Introduction bears a fitting title, as it feels like something distinctly new within Hong’s self-reflexive oeuvre.


It’s somewhat reductive to observe that Hong Sang-soo, so often noted for his diptych structures, seems to have moved into a new triptych phase with his two latest films: The Woman Who Ran and now Introduction. Still, it does seem rather significant that both films unfold across three clearly distinguishable episodes, each of which sees the film’s main character involved in a rendezvous of some sort. But while The Woman Who Ran establishes a strong narrative spine with Kim Min-hee’s perambulations, Introduction, as if building on its title, deliberately weakens the story links between its three sections, delaying or even withholding the expected markers of (diegetic) continuity. The film’s first section ostensibly concerns a meeting between an aimless young man, Young-ho (Shin Seok-ho), and his doctor father, but we never actually see it happen, and it becomes a void that structures the rest of the action, such as it is. When the second, Berlin-set episode follows Ju-won (Park Mi-so), who was only briefly introduced as Young-ho’s girlfriend in the first, and Young-ho only later (and very unexpectedly) shows up, the film’s narrative pattern of dislocation and reintroduction comes into focus. By the end of the third section, which opens with a minor character from the first and marvelously brings back a major character from the second, there’s no questioning the deliberateness of Hong’s intricate storytelling strategy.

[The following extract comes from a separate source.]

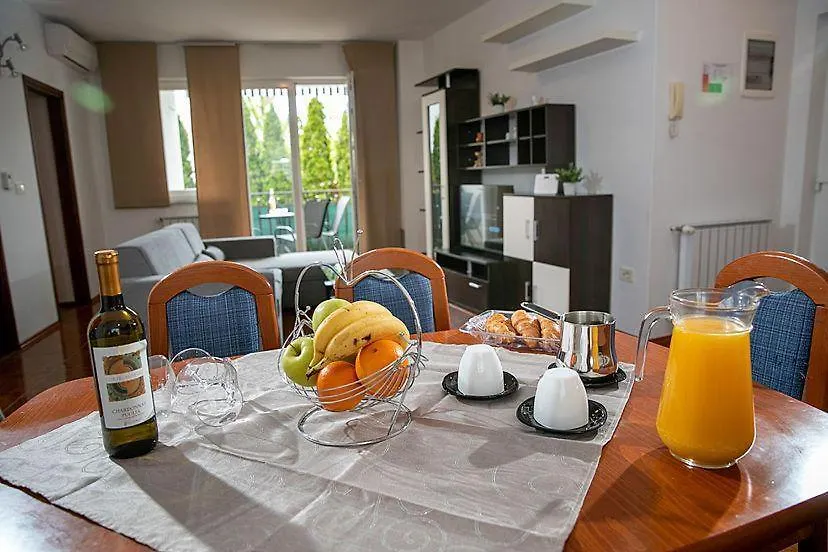 Apartment Orbanic Rovinj 0*,  Kroatië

The drive for this structure is harder to place. But given that Introduction ends up on a beach, and also noting that Hong twice presents us with two characters discussing something they’re seeing (a strange-looking tree, a woman on a balcony), while conspicuously delaying a shot of the thing itself, we might recall a lament of the director character in Woman on a Beach: “It’s too strong of an image to overcome.” This sense of being held captive by images is, after all, one that plagues all of Hong’s characters, and the director has repeatedly considered it in relation to his methods and medium, as though by examining his own filmic grammar, he might find some way of combating the incessant bewitchments of daily life. If the three-fold meetings of The Woman Who Ran and Introduction are to suggest anything, then, perhaps it’s that the diptych structure lends itself too easily to a point-counterpoint effect (as in Right Now, Wrong Then), and that to conceive of one image in opposition to another is merely to confirm a certain dependence. Introduction charts out a different path; it operates as a kind of exercise in displacement, deferral, and delay, and notably ends with a literal splash of cold water. For if we can’t quite overcome the images we are captive to, there’s still, at least, the potential shock of reintroduction, the possibility of seeing anew.